Menurut dia, di sinilah pentingnya pemaknaan ayat tersebut secara konstektual. Menurut para fukaha, hukum bisa berubah bergantung pada tuntutan situasi dan waktu. Illat atau suatu sebab tertentu bisa mempengaruhi pada keberlakuan kaedah.Selanjutnya, hal itu berujung pada pendapat Majelis Tarjih bahwa hukuman mati itu sudah saatnya ditinggalkan.
Di Indonesia, hukuman mati diterapkan sejak KUHP kolonial Belanda pada 1914. Tampaknya, akan mengalami perubahan dalam implementasinya ketika KUHP baru akan diberlakukan pada 2026. Sekalipun hukuman mati masih diperlukan, namun terjadi pergeseran dari cita keadilan retributif ke arah restoratif.
Baik Kejaksaan Agung maupun Mahkamah Agung masih berpendapat bahwa hukuman mati tetap dijalankan secara terbatas, khususnya bagi tindak pidana narkoba, terorisme, pembunuhan berencana.

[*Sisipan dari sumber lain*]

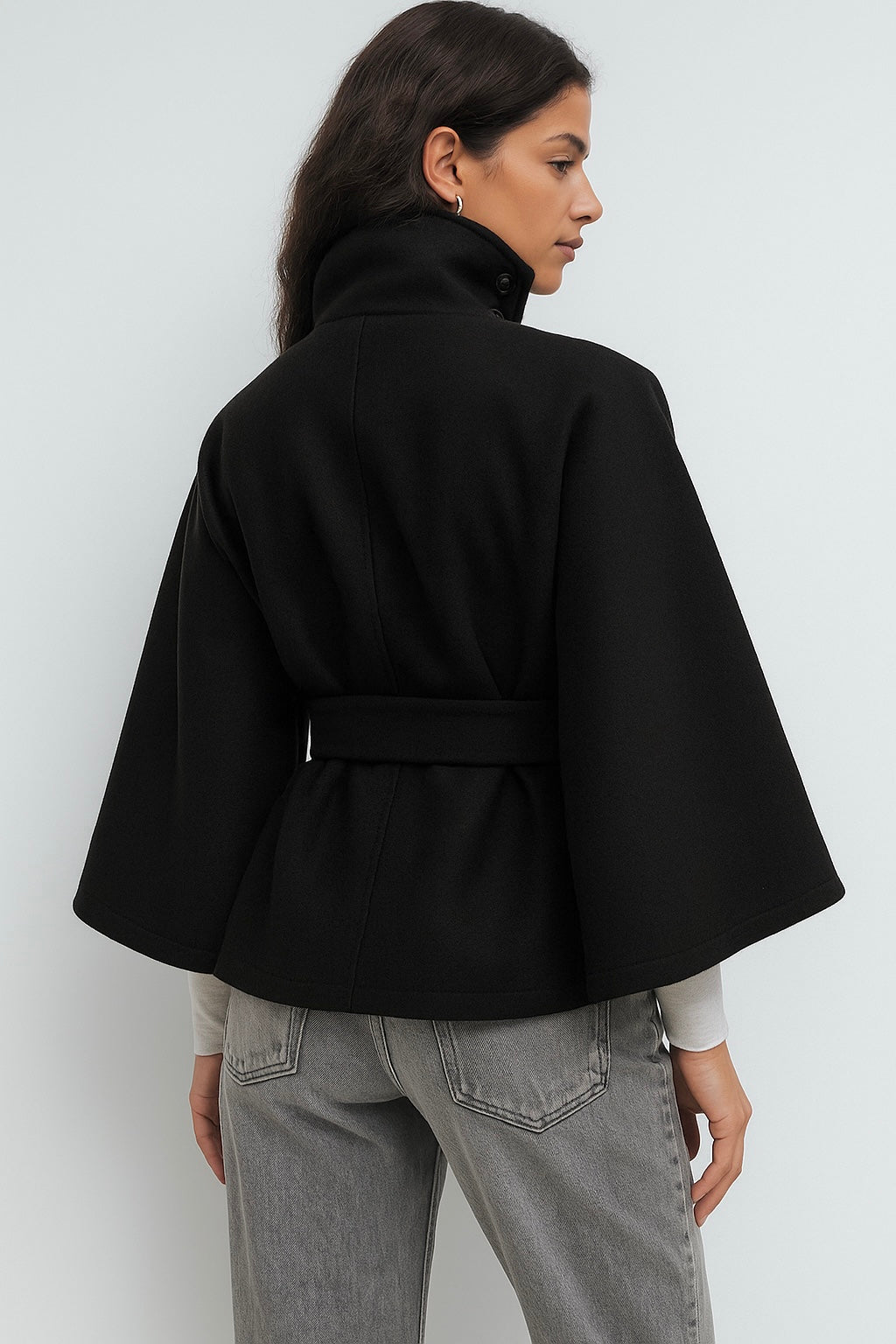 High-Neck Belted Cape Jacket in camel wool blend. Poncho-inspired autumn/winter coat with high-neck collar, cape silhouette and adjustable waist belt. A chic belted jacket combining elegance, comfort and versatile seasonal style.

Justru dipertanyakan, kenapa sebagai anggota gugusan tindak pidana luar biasa yakni narkoba, terorisme, kejahatan seksual terhadap anak dan korupsi, sepertinya tak ada hukuman mati terhadap korupsi?
Sementara ini bagi yang pro hukuman mati di Indonesia, sebagaimana masih dianut di Indonesia dan Amerika Serikat, Iran, Arab Saudi, RRC dan Jepang, tentu merasa terwakili aspirasi keadilannya ketika hukuman mati tetap diberlakukan nanti (KUHP baru berlaku 2026). Namun, jangan lupa, keadilan retributif yang menjadi acuan hukuman mati itu lebih menitik-beratkan pada pembalasan dendam, sering memperburuk siklus kejahatan itu sendiri jika tak diikuti rehabilitasi.

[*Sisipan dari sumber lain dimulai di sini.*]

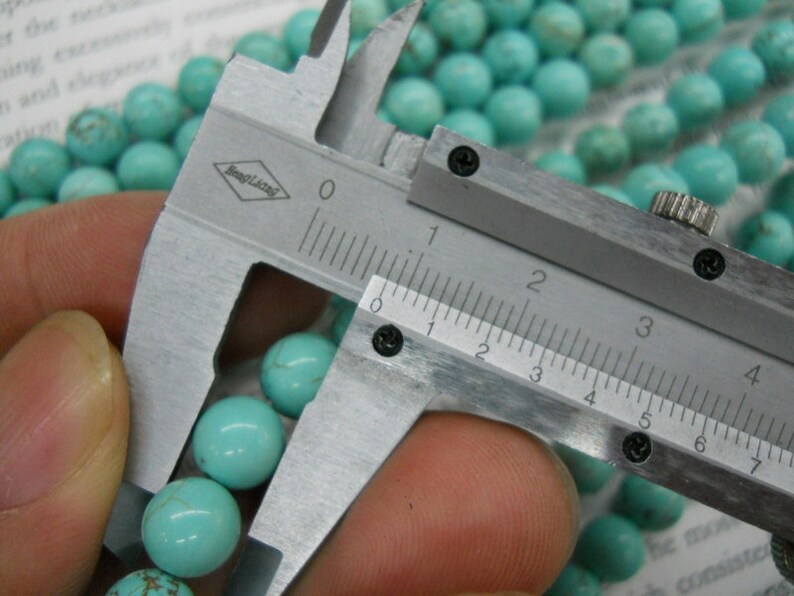 wholesale-3 strands-4mm, 6mm, 8mm, 10mm natural stablized howlite turquoise round beads. image 4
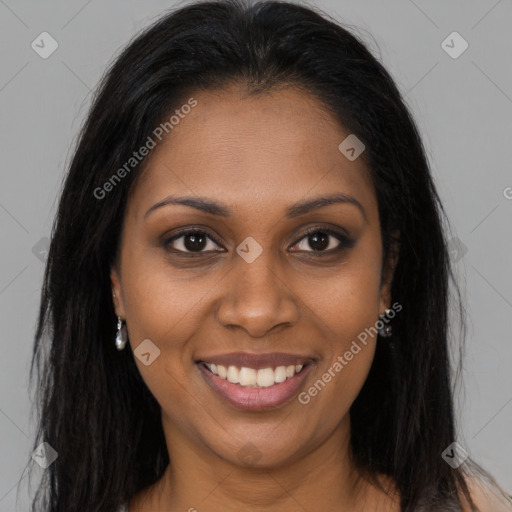 Joyful black young-adult female with long  brown hair and brown eyes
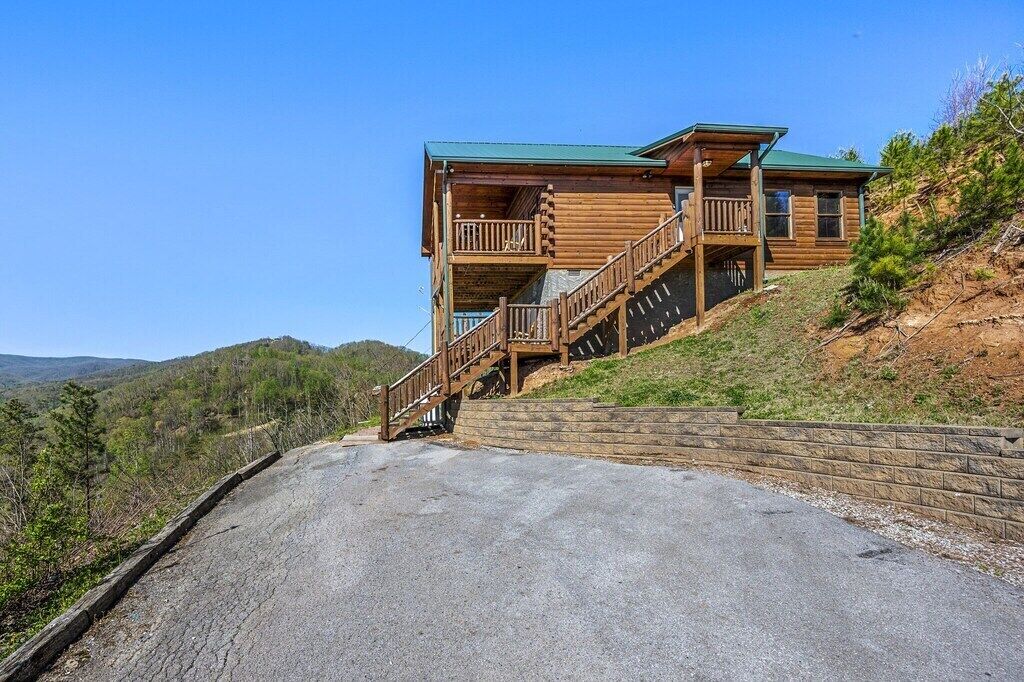 Eine Holzjagdhaus mit Balkon, einer Treppe und Blick auf die umliegenden Hügel.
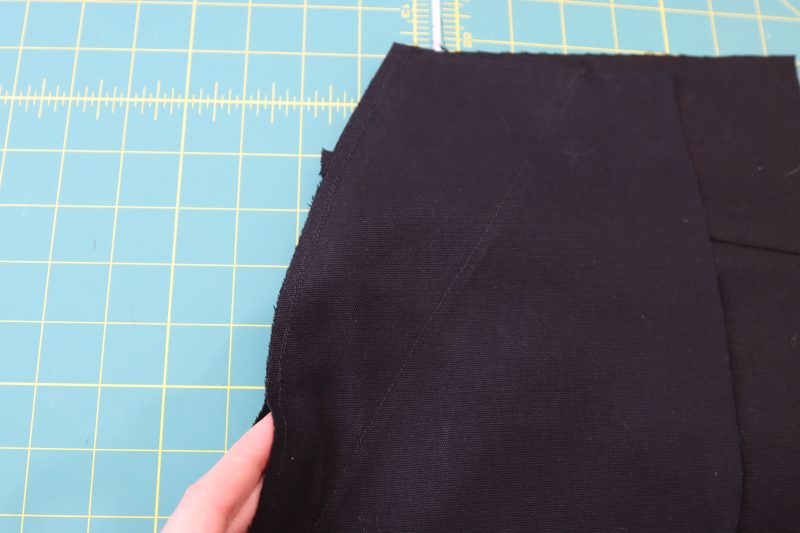 How To Sew Pocket B To Back Pants - Cotton Canvas - Mood Fabrics - Clarkston Carpenter Pants Free Sewing Pattern Tutorial - MDF503 - Mood Fabrics Sewciety Blog - Sew the B pockets to the back pants pieces.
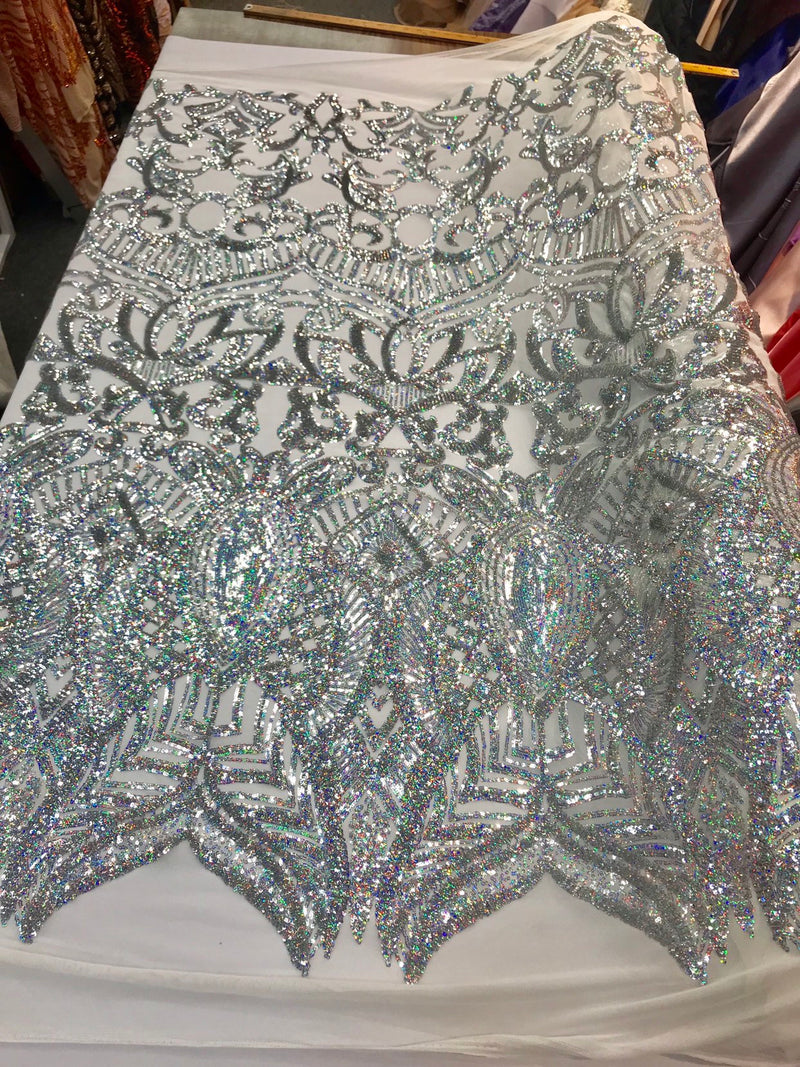 Silver iridescent shiny sequin royalty design embroidery on a 4 way stretch mesh-prom-nightgown-sold by the yard-free shipping in the USA.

Benarkah hukuman mati adalah kewajiban absolut yang merupakan muara pengakuan kepentingan publik kedalam sistem politik dan hukum demi solidaritas sosial?
Peraturan Mahkamah Agung R.I Nomor 1/2024 tentang Pedoman Mengadili Perkara Pidana Berdasar Keadilan Restoratif, diharapkan dapat membatasi kesewenang-wenangan penerapan keadilan retributif. Peraturan di atas memberikan jalan pendekatan penanganan perkara tindak pidana dengan melibatkan para pihak, baik korban, keluarga korban, terdakwa/ pelaku dan keluarga atau pihak lain yang terkait. Proses dan tujuannya adalah mengupayakan pemulihan, bukan pembalasan.
Dengan demikian beleid tersebut akan menggeser pemidanaan (penjatuhan hukuman) yang semula berdasar pembalasan, yang dalam khasanah teoritis dikenal sebagai teori absolut atau retributif, menjadi upaya memulihkan hubungan antara terdakwa, korban dan atau masyarakat yang mengajukan pertanggungjawaban terdakwa, serta menghindarkan setiap orang khususnya anak-anak dari perampasan kemerdekaan.
Bukankah restorative justice atau keadilan berbasis pemulihan telah diajarkan ayat 178 Surat Al Baqarah? Keadilan yang melibatkan keluarga korban, keluarga pelaku dengan saling memulihkan secara baik-baik. Bukankah itu juga keringanan dan rahmat Tuhanmu?
Terakhir, perhatikan: Barangsiapa melampaui batas setelah itu, maka ia akan mendapat azab yang pedih.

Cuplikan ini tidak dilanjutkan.